Die Klage ist unbegründet. Der Einkommensteuerbescheid 2008 vom 29. April 2013 in Gestalt der Einspruchsentscheidung vom 19. August 2013 ist rechtmäßig und verletzt die Klägerin nicht in ihren Rechten (vgl. § 100 Abs. 1 Satz 1 FGO). Der Beklagte hat zu Recht eine Übertragung der Freibeträge für den Betreuungs- und Erziehungs- oder Ausbildungsbedarf (BEA-Freibeträge) betreffend die Söhne B… und C… auf die Klägerin für das Streitjahr 2008 abgelehnt, weil die gesetzlichen Voraussetzungen hierfür nicht vorliegen.

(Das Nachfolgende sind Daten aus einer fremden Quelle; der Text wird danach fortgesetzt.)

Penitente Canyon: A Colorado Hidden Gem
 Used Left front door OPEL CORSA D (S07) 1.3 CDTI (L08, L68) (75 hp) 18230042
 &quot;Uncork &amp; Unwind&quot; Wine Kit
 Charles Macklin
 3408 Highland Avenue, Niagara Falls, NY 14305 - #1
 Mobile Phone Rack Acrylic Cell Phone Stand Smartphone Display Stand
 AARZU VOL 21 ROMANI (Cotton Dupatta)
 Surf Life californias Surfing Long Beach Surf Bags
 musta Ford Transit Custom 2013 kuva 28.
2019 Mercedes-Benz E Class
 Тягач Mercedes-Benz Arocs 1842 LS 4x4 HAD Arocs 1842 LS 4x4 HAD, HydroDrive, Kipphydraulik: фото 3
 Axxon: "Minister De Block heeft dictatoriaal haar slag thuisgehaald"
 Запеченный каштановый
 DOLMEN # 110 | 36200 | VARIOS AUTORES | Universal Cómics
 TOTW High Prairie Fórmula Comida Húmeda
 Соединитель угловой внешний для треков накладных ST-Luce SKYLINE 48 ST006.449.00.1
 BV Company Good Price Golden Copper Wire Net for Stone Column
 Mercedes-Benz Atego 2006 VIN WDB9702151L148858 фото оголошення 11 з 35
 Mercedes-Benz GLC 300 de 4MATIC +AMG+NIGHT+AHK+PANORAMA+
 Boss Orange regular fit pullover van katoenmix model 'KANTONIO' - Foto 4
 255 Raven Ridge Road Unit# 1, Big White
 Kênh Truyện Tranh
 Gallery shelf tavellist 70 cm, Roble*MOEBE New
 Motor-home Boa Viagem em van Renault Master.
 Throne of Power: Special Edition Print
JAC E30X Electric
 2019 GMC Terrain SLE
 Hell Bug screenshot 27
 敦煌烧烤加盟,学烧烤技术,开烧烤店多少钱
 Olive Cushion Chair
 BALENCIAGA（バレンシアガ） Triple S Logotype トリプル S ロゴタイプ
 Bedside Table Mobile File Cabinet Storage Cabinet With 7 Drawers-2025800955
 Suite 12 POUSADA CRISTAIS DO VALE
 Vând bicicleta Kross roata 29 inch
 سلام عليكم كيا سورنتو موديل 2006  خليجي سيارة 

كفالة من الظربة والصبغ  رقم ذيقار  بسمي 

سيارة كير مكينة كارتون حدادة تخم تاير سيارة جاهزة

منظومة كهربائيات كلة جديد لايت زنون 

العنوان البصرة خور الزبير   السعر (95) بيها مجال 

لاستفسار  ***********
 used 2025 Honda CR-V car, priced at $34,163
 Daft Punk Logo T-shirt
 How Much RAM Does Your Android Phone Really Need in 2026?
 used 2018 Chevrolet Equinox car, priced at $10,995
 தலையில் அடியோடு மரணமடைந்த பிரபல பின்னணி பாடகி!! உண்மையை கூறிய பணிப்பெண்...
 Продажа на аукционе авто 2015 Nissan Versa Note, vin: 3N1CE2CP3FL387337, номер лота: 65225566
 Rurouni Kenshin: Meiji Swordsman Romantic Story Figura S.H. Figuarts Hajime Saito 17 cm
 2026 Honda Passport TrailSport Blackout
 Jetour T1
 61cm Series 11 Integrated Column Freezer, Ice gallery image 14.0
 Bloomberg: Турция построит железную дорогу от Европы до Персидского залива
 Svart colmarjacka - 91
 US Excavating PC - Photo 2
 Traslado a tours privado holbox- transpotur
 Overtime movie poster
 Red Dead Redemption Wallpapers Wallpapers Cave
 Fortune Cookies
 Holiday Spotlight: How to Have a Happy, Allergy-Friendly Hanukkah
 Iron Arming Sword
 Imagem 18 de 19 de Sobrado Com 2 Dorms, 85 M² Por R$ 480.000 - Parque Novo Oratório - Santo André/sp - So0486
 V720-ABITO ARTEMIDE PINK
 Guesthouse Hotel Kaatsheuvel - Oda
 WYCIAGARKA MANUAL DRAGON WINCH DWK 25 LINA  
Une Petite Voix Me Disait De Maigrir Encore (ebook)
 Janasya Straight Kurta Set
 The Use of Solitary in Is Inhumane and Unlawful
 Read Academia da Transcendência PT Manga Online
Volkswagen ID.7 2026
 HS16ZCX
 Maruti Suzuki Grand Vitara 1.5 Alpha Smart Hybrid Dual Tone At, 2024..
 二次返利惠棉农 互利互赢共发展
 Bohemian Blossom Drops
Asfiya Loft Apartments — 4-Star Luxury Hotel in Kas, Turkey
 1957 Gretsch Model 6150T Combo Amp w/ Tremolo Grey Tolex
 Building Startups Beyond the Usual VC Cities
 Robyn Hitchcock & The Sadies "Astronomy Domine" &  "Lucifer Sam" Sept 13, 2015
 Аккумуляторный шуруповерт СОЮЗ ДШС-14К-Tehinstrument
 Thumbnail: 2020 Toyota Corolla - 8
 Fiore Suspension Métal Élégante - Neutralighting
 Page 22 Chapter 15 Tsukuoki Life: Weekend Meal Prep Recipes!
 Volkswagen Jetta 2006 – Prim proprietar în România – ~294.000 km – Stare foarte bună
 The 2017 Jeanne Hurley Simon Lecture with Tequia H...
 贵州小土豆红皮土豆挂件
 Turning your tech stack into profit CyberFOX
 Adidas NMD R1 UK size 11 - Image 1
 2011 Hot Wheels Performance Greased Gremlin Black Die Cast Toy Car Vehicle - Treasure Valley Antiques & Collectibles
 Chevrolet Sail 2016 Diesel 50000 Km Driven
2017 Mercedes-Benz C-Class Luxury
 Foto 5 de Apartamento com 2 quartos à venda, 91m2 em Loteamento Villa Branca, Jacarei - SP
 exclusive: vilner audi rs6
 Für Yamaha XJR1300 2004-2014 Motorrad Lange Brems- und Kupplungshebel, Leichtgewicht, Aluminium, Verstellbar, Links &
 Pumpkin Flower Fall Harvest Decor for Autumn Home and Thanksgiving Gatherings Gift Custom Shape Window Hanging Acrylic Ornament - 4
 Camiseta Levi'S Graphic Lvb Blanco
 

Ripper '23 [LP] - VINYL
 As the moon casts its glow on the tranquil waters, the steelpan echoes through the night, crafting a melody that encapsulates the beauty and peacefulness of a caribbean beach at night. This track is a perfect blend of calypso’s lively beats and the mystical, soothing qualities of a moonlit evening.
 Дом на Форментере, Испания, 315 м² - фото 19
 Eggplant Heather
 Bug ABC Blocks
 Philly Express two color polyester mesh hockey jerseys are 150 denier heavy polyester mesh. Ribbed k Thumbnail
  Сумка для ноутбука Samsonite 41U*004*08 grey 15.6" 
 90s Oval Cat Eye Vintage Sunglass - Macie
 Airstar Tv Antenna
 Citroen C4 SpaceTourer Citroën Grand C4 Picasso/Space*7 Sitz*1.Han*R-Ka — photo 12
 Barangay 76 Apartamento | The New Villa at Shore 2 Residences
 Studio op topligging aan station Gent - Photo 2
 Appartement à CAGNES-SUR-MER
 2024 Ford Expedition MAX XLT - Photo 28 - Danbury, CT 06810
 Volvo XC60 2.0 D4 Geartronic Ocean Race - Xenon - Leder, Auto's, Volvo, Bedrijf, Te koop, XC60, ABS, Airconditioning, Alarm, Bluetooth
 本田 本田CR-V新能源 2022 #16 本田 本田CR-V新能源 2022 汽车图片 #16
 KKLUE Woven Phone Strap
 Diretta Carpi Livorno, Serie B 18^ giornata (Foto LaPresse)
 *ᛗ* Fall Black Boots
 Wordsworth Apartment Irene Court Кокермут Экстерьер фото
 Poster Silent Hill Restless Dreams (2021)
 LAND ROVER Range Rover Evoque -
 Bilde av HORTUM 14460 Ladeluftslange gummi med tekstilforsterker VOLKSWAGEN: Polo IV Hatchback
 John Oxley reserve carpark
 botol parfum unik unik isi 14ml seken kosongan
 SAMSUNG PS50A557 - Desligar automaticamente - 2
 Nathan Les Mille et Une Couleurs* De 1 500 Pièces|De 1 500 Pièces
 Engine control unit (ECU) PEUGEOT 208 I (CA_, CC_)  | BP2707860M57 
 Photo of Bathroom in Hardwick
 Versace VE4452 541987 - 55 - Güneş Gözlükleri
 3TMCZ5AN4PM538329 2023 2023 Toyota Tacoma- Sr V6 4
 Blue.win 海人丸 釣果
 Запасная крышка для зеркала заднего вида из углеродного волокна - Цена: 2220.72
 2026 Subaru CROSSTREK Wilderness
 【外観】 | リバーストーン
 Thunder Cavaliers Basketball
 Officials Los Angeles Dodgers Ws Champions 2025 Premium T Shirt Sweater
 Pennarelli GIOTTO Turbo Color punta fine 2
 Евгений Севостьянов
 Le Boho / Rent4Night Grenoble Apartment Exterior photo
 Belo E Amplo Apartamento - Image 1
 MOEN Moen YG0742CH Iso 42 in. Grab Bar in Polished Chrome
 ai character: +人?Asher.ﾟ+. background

Bei minderjährigen Kindern wird der dem Elternteil, in dessen Wohnung das Kind nicht gemeldet ist, zustehende BEA-Freibetrag auf Antrag des anderen Elternteils auf diesen übertragen (§ 32 Abs. 6 Satz 6 Halbsatz 2 EStG). Die Anknüpfung an die Eintragung im Melderegister ist nach mittlerweile ständiger BFH-Rechtsprechung sachlich zu rechtfertigen und damit verfassungsrechtlich unbedenklich (vgl. dazu BFH-Urteile vom 27. Okto- ber 2011 III R 42/07, Bundessteuerblatt – BStBl – II 2013,194 und vom 18. Mai 2006 III R 71/04, BStBl II 2008, 352 sowie Selder, in: Blümich, EStG/KStG/GewStG, § 32 Rz. 154).
Da die beiden Söhne im Kalenderjahr 2008 unstreitig durchgehend mit Nebenwohnsitz beim Vater gemeldet waren (ob zu Recht oder zu Unrecht, ist vom Finanzamt und vom FG nicht zu überprüfen, vgl. die o. g. BFH-Rechtsprechung), scheidet eine Übertragung der BEA-Freibeträge auf die Klägerin aus.
Die Kostenentscheidung beruht auf § 135 Abs. 1 FGO.